Best Lower Ab Workouts
Getting the elusive eight-pack abs, and chiseling out the perfect abdominal V-shape is not as hard as it seems. However, a lot of ab exercises only focus on the upper, mid, and oblique abdominals when toning and flattening your mid-section. To help you achieve perfection, we’ve selected five lower ab workouts that can help you develop your perfect physique.
- Reverse Crunches
Lying flat on your back with your knees bent at a 90 degree angle, contract your lower abs by lifting your butt off the floor and pulling your knees towards your chest. Your back should remain flat on the floor and not engaged in the movement as it will deactivate the lower half of your core. Once your knees reach your chest, slowly lower them back down to the starting position and repeat this movement over for about 10-20 repetitions.
- Hanging Leg Raise
Hanging from a pull up bar, with your hands shoulder-width apart and your back straight, contract your lower abs and raise your legs upward until they reach parallel to the floor. Do not swing your legs, rock, or use momentum to perform this activity. You need to slowly grind them out using only you lower abs to perform the movement. Repeat for 10-20 reps.

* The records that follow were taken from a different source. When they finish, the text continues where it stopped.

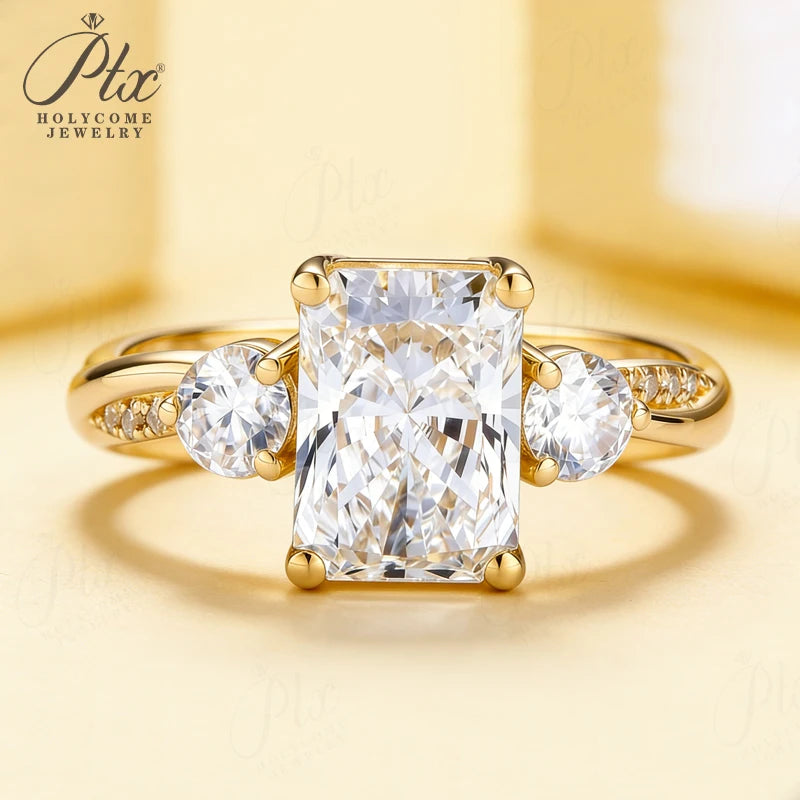 Lab Grown Diamond Ring 1ct/2ct/3ct D Color Round/Oval/Cushion/Radiant 10k14k18k Gold Women Engagement Wedding Band
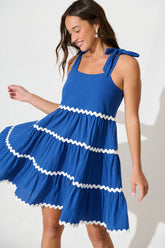 Blue Cotton Dress with White Ric Rac Trim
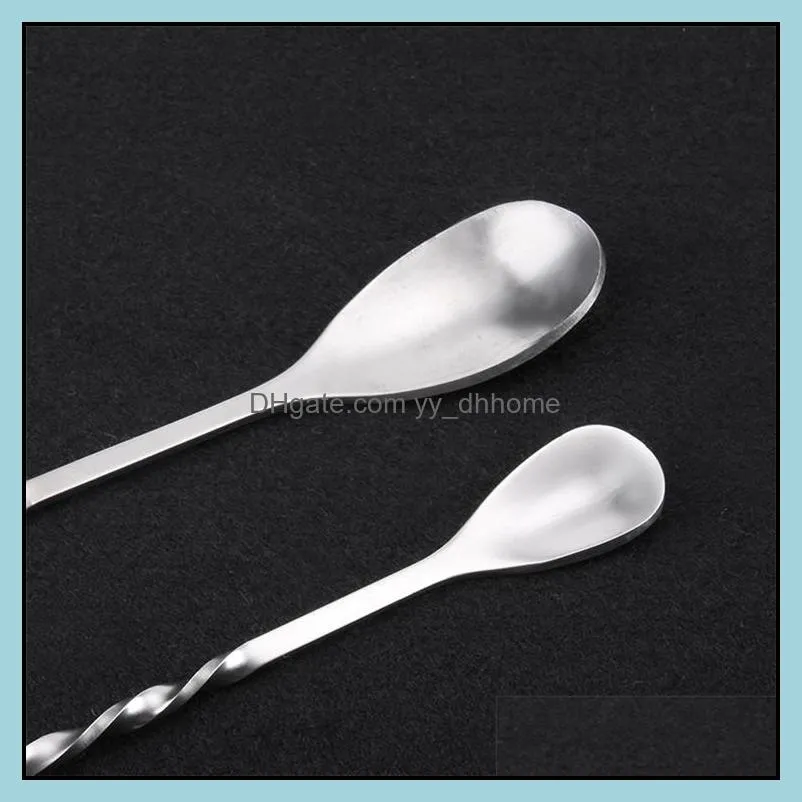 26cm stainless steel long mixing spoon, spiral long bar spoons for cocktail drinking, two head long spoons forks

Note: This is an advanced activity so if you’re a beginner, we don’t recommend trying to do it right off the bat. Reverse crunches are a great way to develop your lower core strength so that you can then progress to this movement.
- V Hold/Yoga Boat
Lying on the floor with your hands at your side, begin lifting your legs and torso up to about 45 degrees so that your body forms a V shape in the movement. Keep your legs as straight as you can and maintain a good, strong posture throughout the movement. Brace your core and hold the movement for 30 seconds (beginner) to 2 minutes (advanced).
- Knee Tucks
This is another activity that requires equipment to perform correctly. TRX straps, or something similar is what you will need to perform the movement.

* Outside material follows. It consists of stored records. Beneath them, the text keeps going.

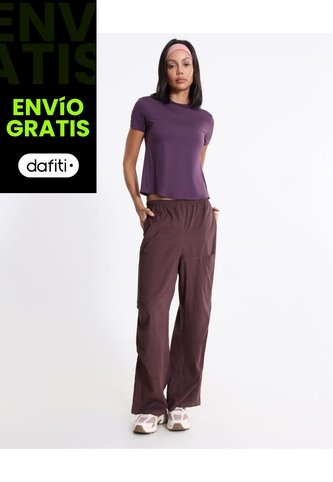 Camiseta Manga Corta Básica Training Con Bond Para Mujer  Deportiva  Color Morado Marca Atmos Atmos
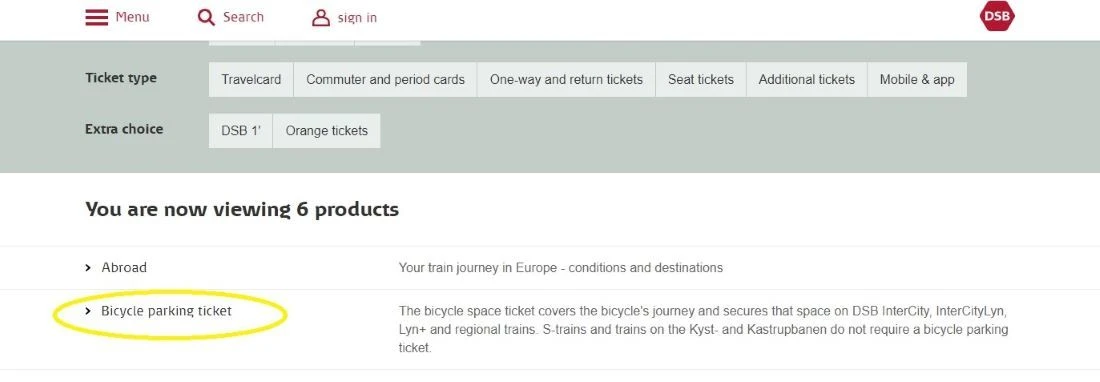 The info on the DSB website on how to book bike tickets for train journeys in Denmark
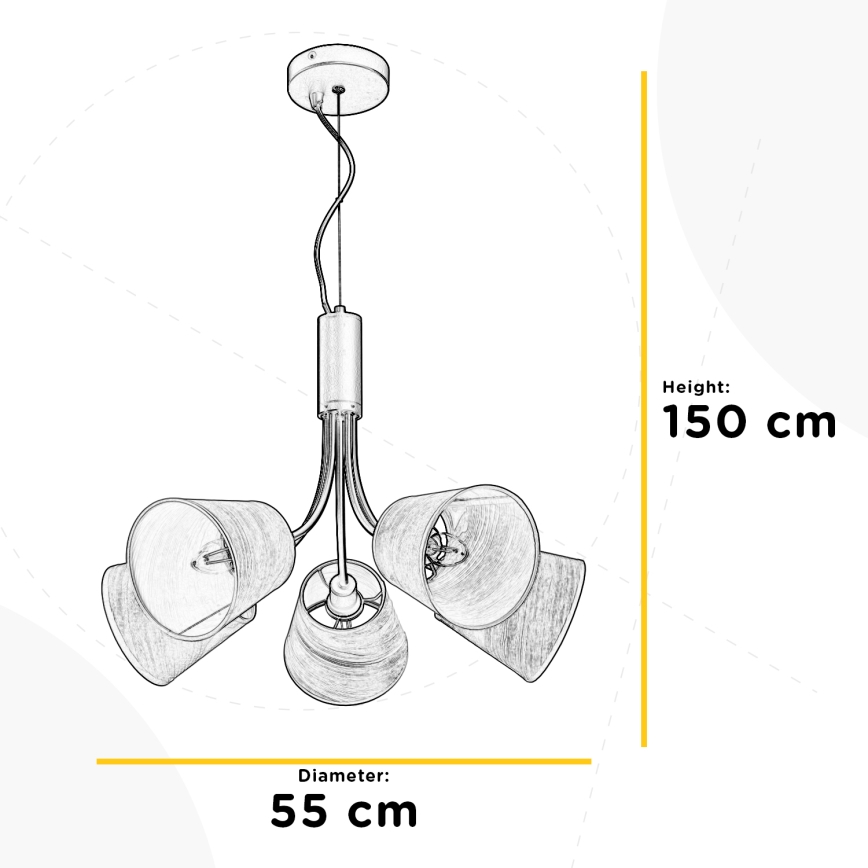 ONLI - Żyrandol na lince ASIA 5xE14/6W/230V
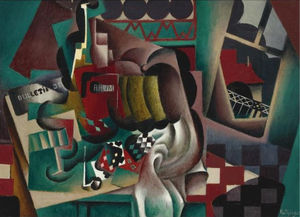 Jean Dominique Antony Metzinger - Still Life With Pumpkin And Bottle Of Rum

Placing both feet into the straps, move into a full push up position while maintaining a flat back and stable upper body. With your feet now suspended, pull you knees to your chest by contracting your lower abs. Hold the contraction for about 1 second and then thrust your legs back to the starting position of a full push up. Repeat for 10-20 reps.
- Bench V Ups
Using a flat bench, sit perpendicular to its length. Root your body into the bench with your butt firmly seated and your hands gripping the back. Extend your legs forward until your body is straight, being parallel to the floor, then pull your lower and upper torso up together so that your body forms a V with your quads. Your knees should be bent at the top of the movement. Release back into the starting position and perform 10-20 reps.